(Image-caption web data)
★ ★ ★ ★ ★ ★ ★
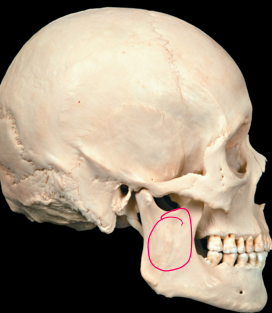 <p>Name this bone</p>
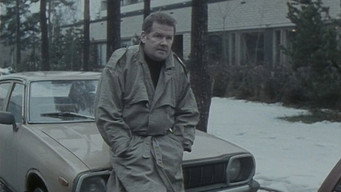 Isku vasten kasvoja (1988)
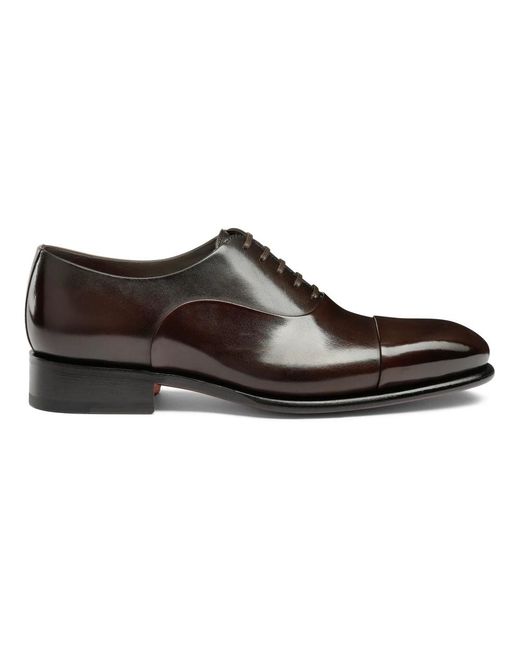 Santoni Brown Business Shoes for men
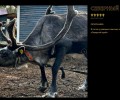 Продолжается прием работ на IX Международный фотоконкурс «Русская цивилизация»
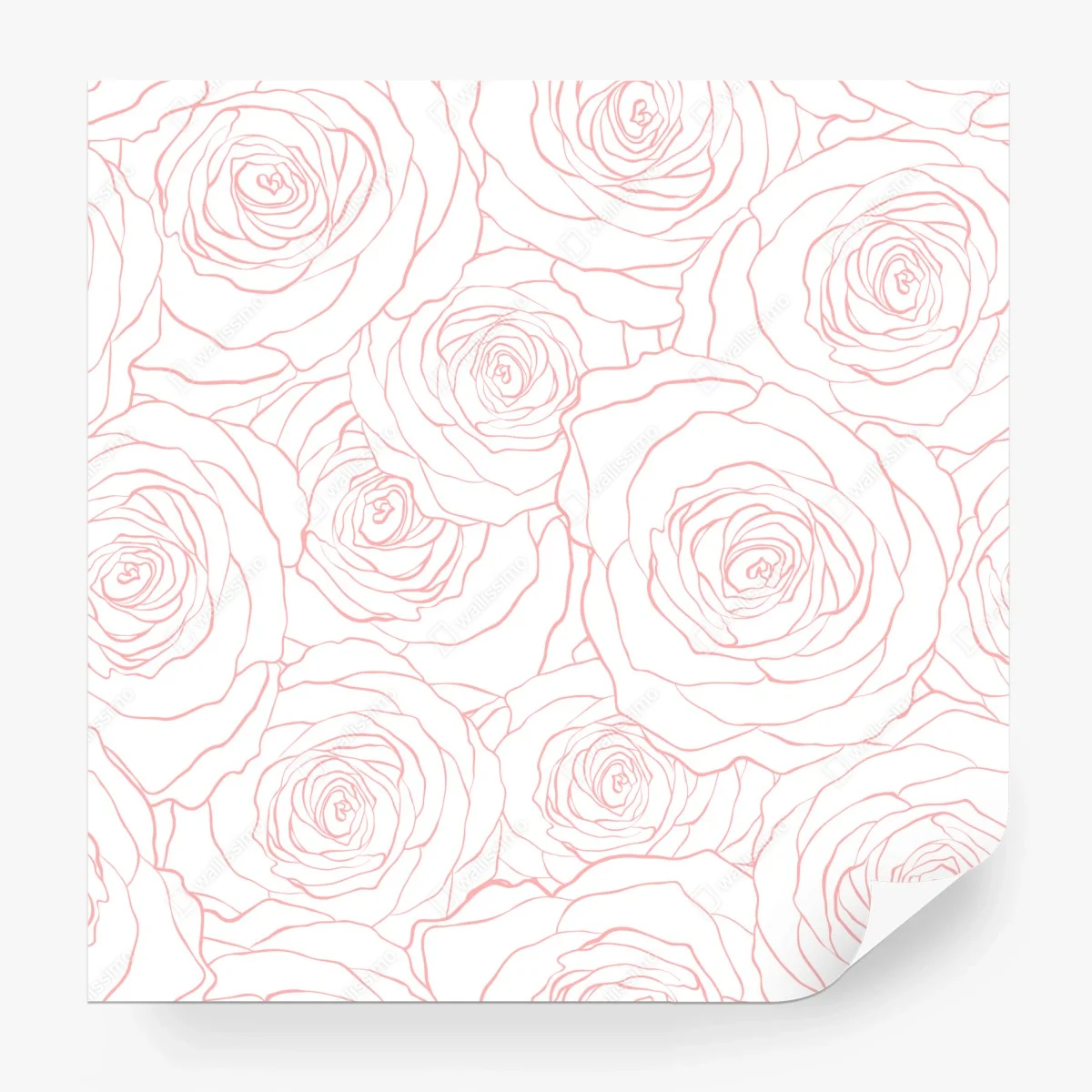 Wall mural delicate pink rose line pattern ⁕ Wallissimo®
★ ★ ★ ★ ★ ★ ★
* INSTRUCTIONS FOR THE TASK *
Only the lines from the one containing "Santoni Brown Business Shoes for men" through the final line of the records should be transcribed, exactly and with no pictures.

* YOUR SOLUTION *
 Santoni Brown Business Shoes for men
 Продолжается прием работ на IX Международный фотоконкурс «Русская цивилизация»
 Wall mural delicate pink rose line pattern ⁕ Wallissimo®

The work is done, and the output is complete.